Recent technological advances have shown that data-to-knowledge approaches are beginning to show enormous promise within materials science. Intelligent exploration and exploitation of the vast materials property space has the potential to alleviate the cost, risks, and time involved in trial-by-error approach experiment cycles used by current techniques to identify useful compounds [2]. For example, obtaining atomization energies from the Schrödinger equation solver is computationally expensive and, as a consequence, only a fraction of the molecules in the chemical compound space can be labeled. By training a machine learning algorithm on the few label ones, the trained quantum mechanics machine learning (QM/ML) model can be used to generalize from these few data points to unseen molecules [3]. One of the central questions in QM/ML is how to represent molecules in a way that makes prediction of molecular properties feasible and accurate [4]. This question has already been extensively discussed in the cheminformatics literature, and many so-called molecular descriptors exist [5]. Unfortunately, they often require a substantial amount of domain knowledge and engineering. Furthermore, they are not necessarily transferable across the whole chemical compound space [1].

In this paper, we follow a more direct approach introduced in [6], and adopted by several other authors. We learn the mapping between the molecule and its atomization energy from scratch using the Coulomb matrix as a low-level molecular descriptor [6, 7]. Coulomb matrix is invariant to translation and rotation but not to permutations or re-indexing of the atoms. Methods to tackle this issue have been proposed. Examples include Coulomb sorted eigenspectrum [1], Coulomb sorted L2 norm of the matrix’s columns [7], Coulomb bag of bonds [8], and random Coulomb matrices [1, 3]. Our study extends the work of [1, 3, 6, 7]. Unlike these previous authors, we show that by combining the molecular geometry embedded in the Coulomb matrix with atomicity or atomic composition of molecules (i.e. atom counts of each type in a molecule), the outcome of the QM/ML models can be significantly improved.
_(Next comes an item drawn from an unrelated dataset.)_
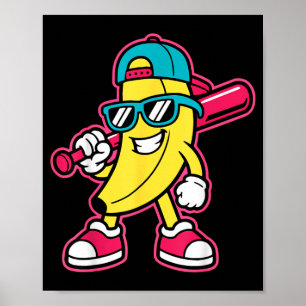 Poster Banane Dessin Animé Drôle Enfants Jeunes Garçons F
To test this new hypothesis, five representations are constructed: (1) sorted Coulomb matrix, (2) atomic composition of molecules, (3) Coulomb eigenspectrum, (4) the combination of the Coulomb eigenspectrum and the atomic composition of molecules, and (5) the combination of the sorted Coulomb matrix and the atomic composition of molecules. Each one is used as input to a well-defined multilayer Bayesian regularized neural networks [9,10,11,12,13]. Results obtained using the combination of either the sorted Coulomb matrix or the Coulomb eigenspectrum with the atomic composition showed better predictions by a difference of more than 1.5 kcal/mol compared to when the sorted Coulomb matrix or the Coulomb eigenspectrum is used solely. More interestingly, the mean absolute error (MAE) = 3.0 kcal/mol obtained in this study is lower than the 3.51 kcal/mol well-known results obtained in [1, 3]. These results confirm the efficacy of using the atomic composition of molecules in a QM/ML model for their electronic properties predictions. Furthermore, the Bayesian regularized neural network is shown to be a suitable candidate for the modeling of molecular data.
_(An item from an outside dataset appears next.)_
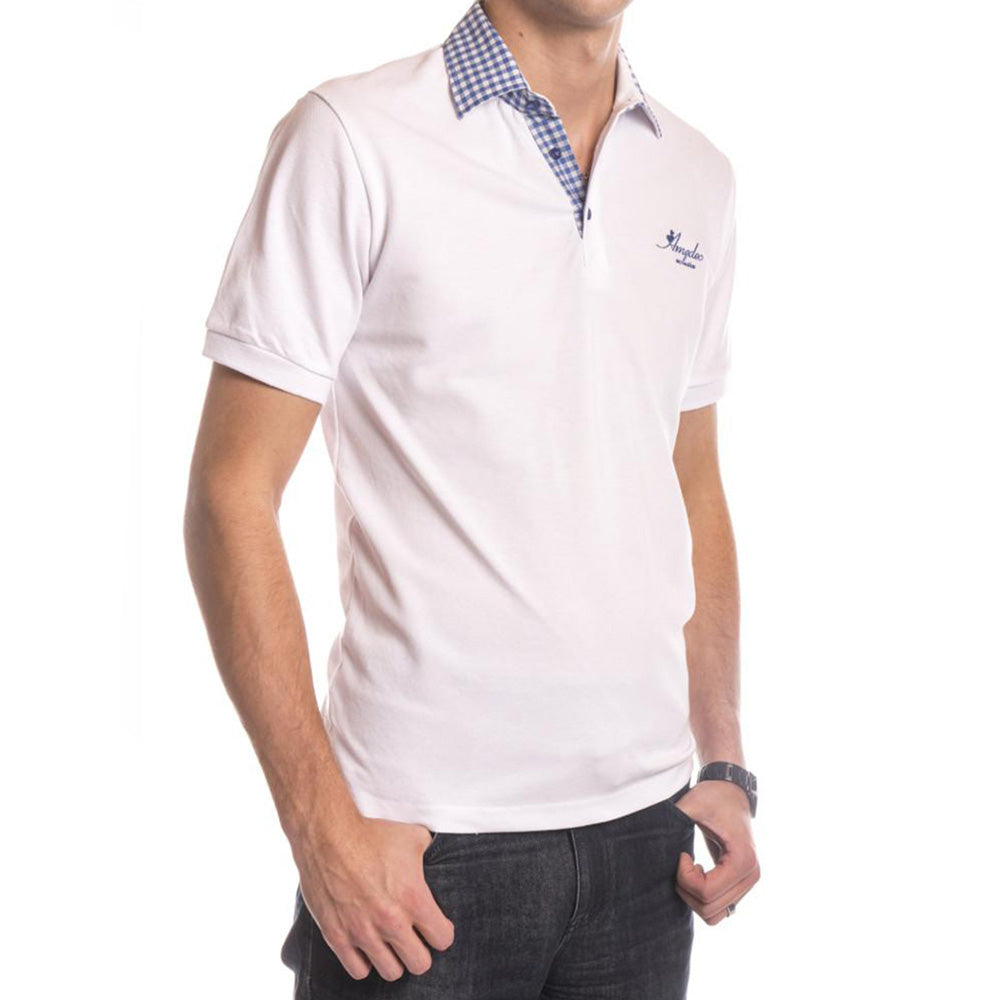 White Check Mens Slim Fit Polo Shirts - 100% Soft Cotton - Tailored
The rest of this paper is organized as follows. In Sect. 2, the dataset used in this study is described. Section 3 provides a detailed description of the proposed method. Section 4 presents the results and Sect. 5 the conclusions.

2 Materials

The QM7 dataset used in this study is a subset of the GDB-13 dataset [14]. The version used here is the one published in [7] consisting of 7102 small organic molecules and their associated atomization energy. These molecules are composed of a maximum of 23 atoms. Molecules are converted to a suitable Cartesian coordinates representation using universal forcefield method [15] as implemented in the software OpenBabel [16]. Atomization energies are calculated for each molecule and ranging from −800 to −2000 kcal/mol. Note that all the 7102 molecules are unique and there are no isomers in the set.

3 Methods

Sorted Coulomb matrix, Coulomb eigenspectrum and atomic composition of each molecule are computed using the atomic coordinates and the chemical formulae of each molecule respectively as described in the QM7 dataset. Next, atomic composition, Coulomb eigenspectrum and sorted Coulomb matrix are either combined or used separately as input to a regularized Bayesian neural network for the prediction of the atomization energy.

3.1 Atomicity, Atom Counts or Atomic Composition

Let’s define \( \Omega = \left\{ { \,\Omega _{1} ,\Omega _{2} , \ldots ,\Omega _{\text{m}} , \ldots ,\Omega _{\text{M}} } \right\} \), the set of possible molecules in the chemical compound space (CCS). By construction, this space is very large. In this study, we will assume that it is bounded by M. Let’s define A the set of unique atoms that make Ω. A is bounded by K and it is defined as: A = {A1, A2, …, Ak, …, AK}. Let’s define a chemical operator “.” that combines atoms among them in a specific numbers \( \alpha_{k}^{m} \) and according to the laws of chemistry to form a stable molecule Ωm. The chemical formulae of Ωm can be written as: \( \varOmega_{m} = \alpha_{1}^{m} A^{1} .\alpha_{2}^{m} A^{2} \ldots .\alpha_{k}^{m} A^{k} \ldots .\alpha_{K}^{m} A^{K} \), or as in chemical textbook.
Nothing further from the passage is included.